Il faut espérer que la volonté de rassemblement du pape concerne la nécessité d’unir les catholiques autour de Dieu Père, Fils et Saint-Esprit, loin des préjugés doctrinaux qui séparent «modernistes» et «traditionnalistes».

S’il s’agit de rassembler toute la terre et en particulier les chrétiens et les musulmans, comme le voulait le pape François, l’Eglise catholique, à l’instar de la plupart des autres confessions chrétiennes, continuera à se fissurer.

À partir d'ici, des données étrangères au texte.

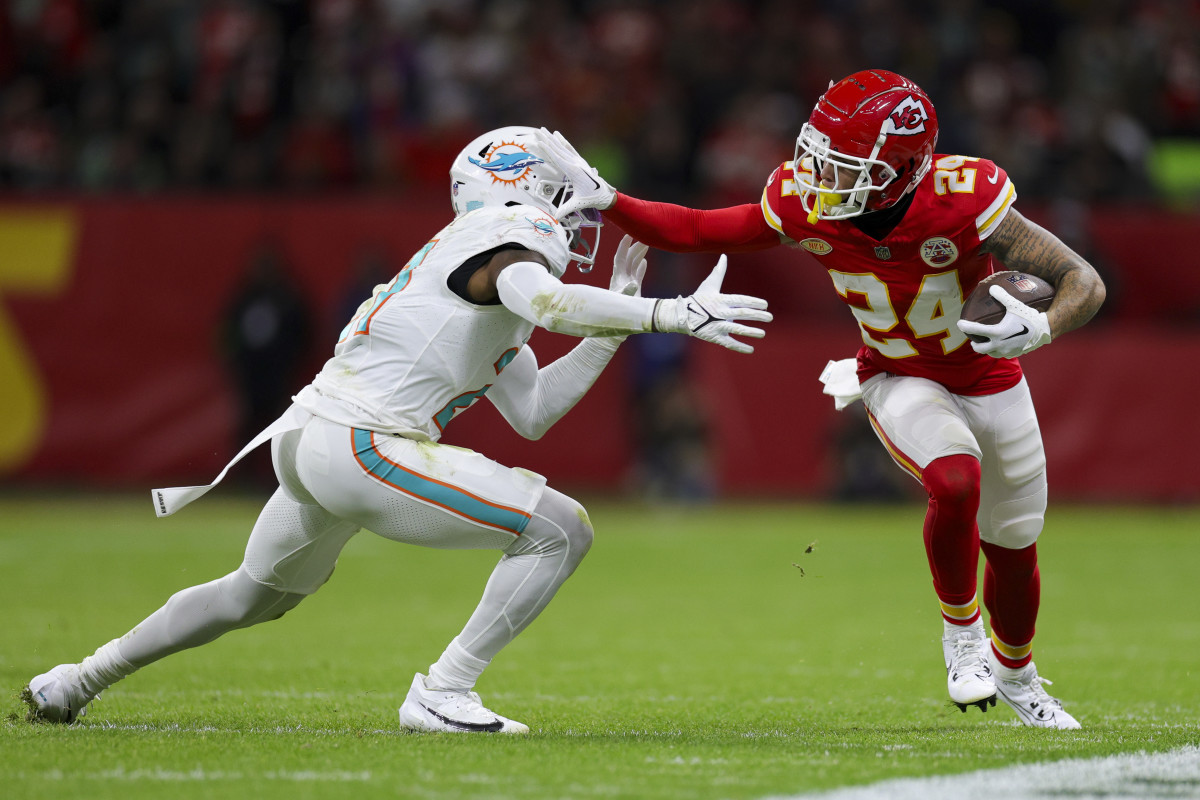 Skyy Limit? Kansas City Chiefs Receiver Moore Named ‘Top Trade ...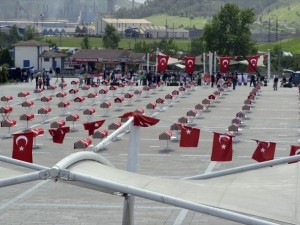 Bayrağa sarılı 150 tabutu görünce şaşırdılar!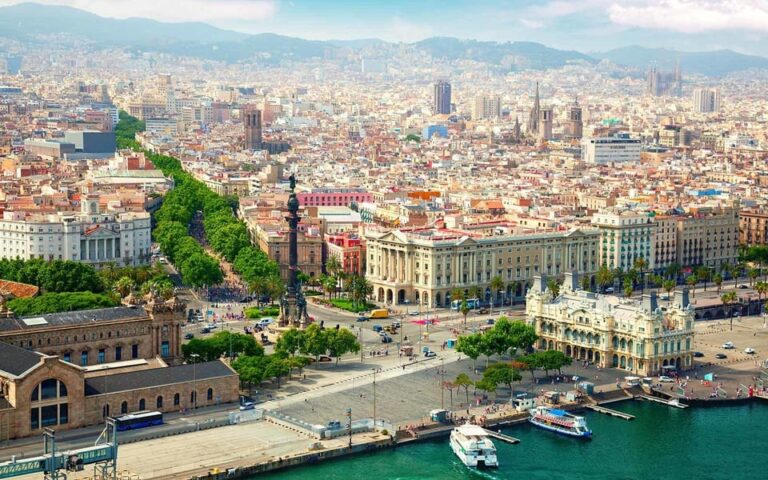 Barcelona: Gothic Quarters Deepest Secrets Tour and Sangria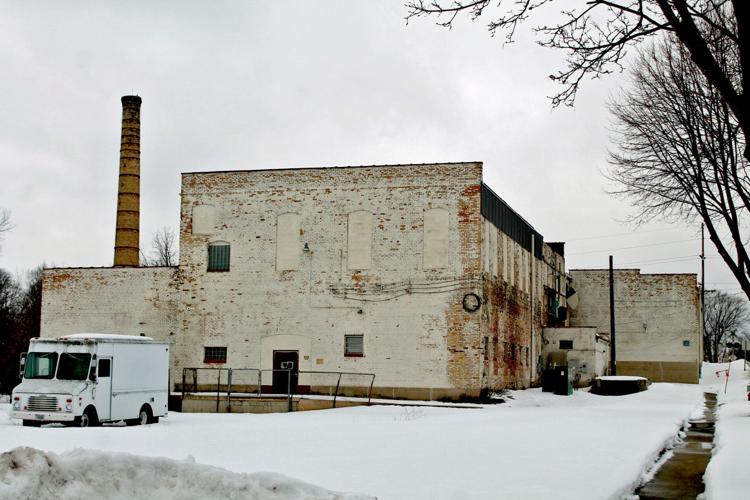 Building to be razed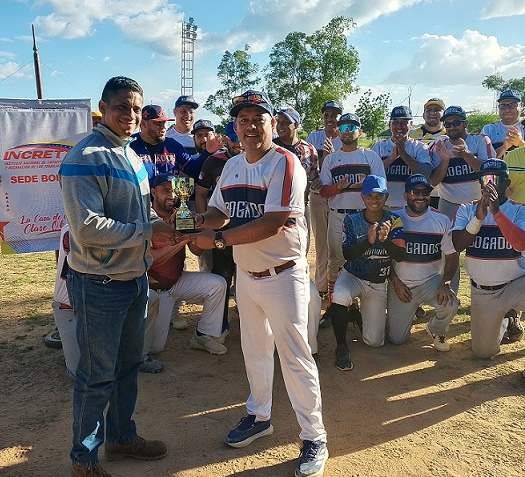 Abogados se convirtió en el nuevo campeón del softbol Clase B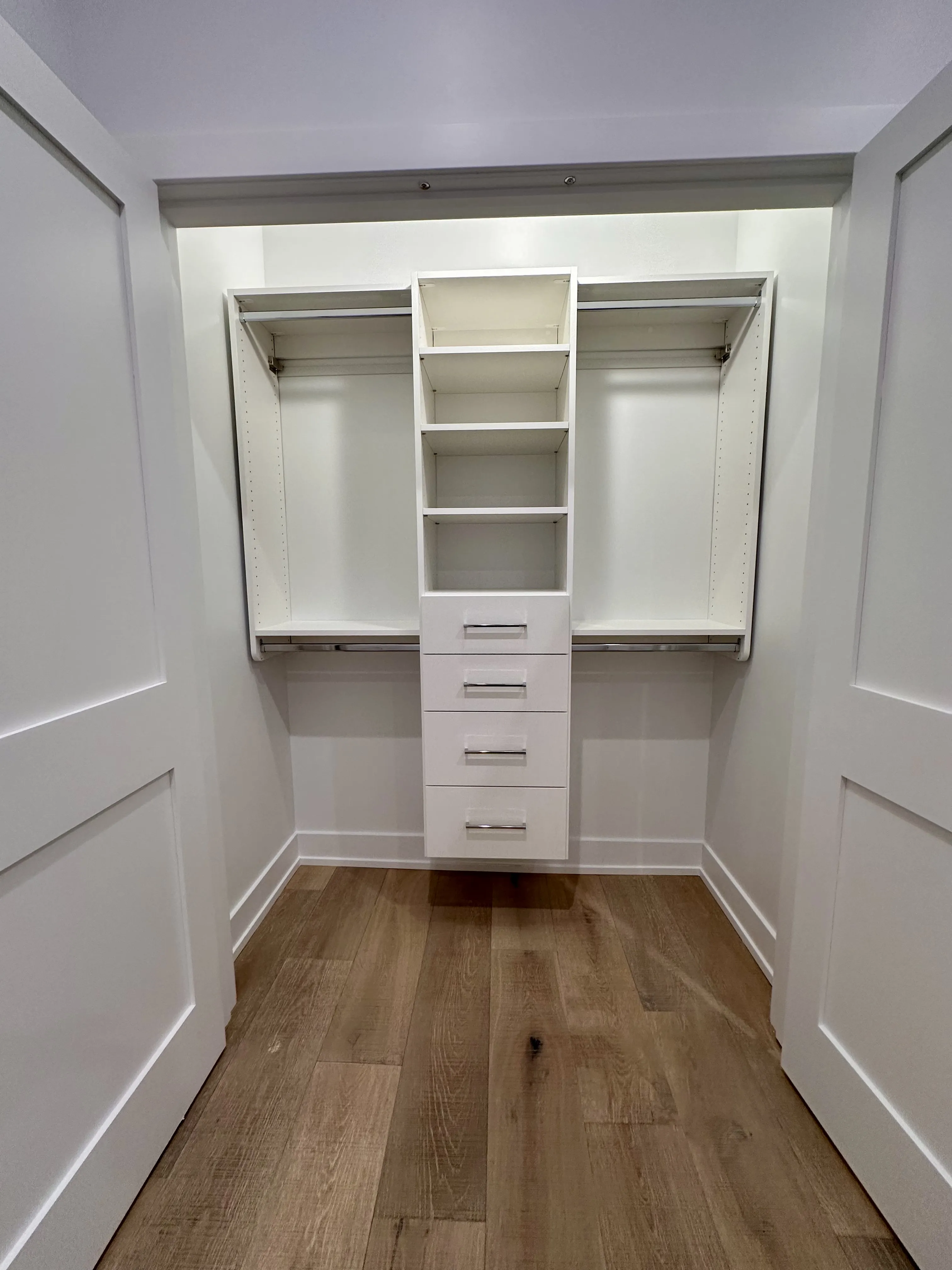 2950 N Sheffield Ave   60657 60657-unit#1F-Chicago-IL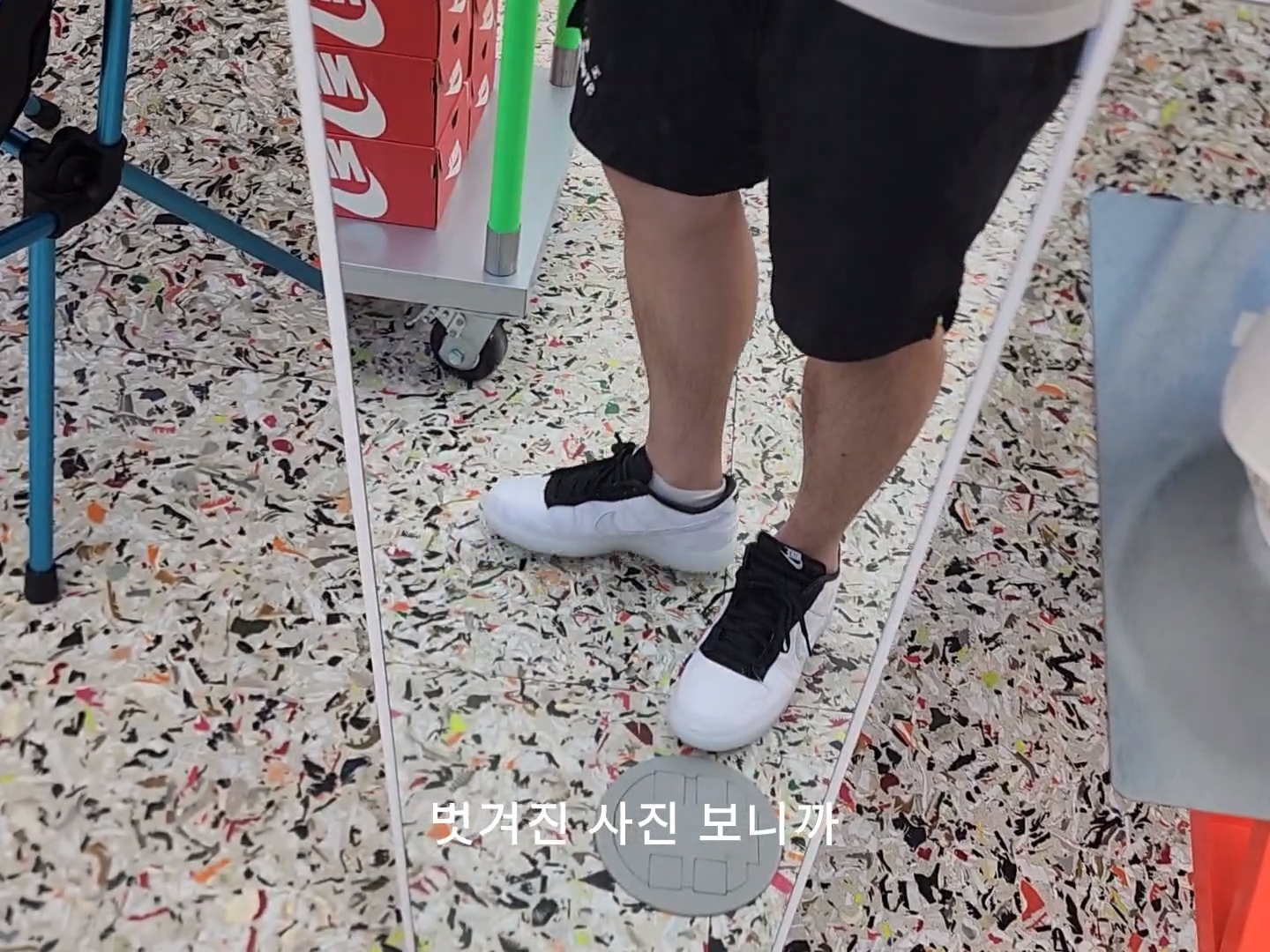 Nike x Clot x Fragment Dunk Low Black and White 착용 스타일 - 2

En effet, tant qu’un guide spirituel chrétien, qu’il soit catholique, orthodoxe ou protestant, parle de Dieu et fonde son message sur l’enseignement du Christ tel que rapporté par les Evangiles – et non tel que dévoyé à des fins idéologiques –, il peut maintenir l’unité parmi les fidèles de son Eglise, de son évêché ou de sa paroisse autour d’une foi commune. Dès l’instant où, parce qu’il se veut rassembleur de toute l’humanité, il fait entrer dans sa doctrine et son action les théories plus ou moins éphémères qui sont à l’origine des désordres du monde, il devient facteur de division dans sa propre communauté, très partagée sur ces questions.

Je veux espérer que le pape Léon XIV saura éviter de tomber dans ce paradoxe: être un pape rassembleur qui divise son Eglise.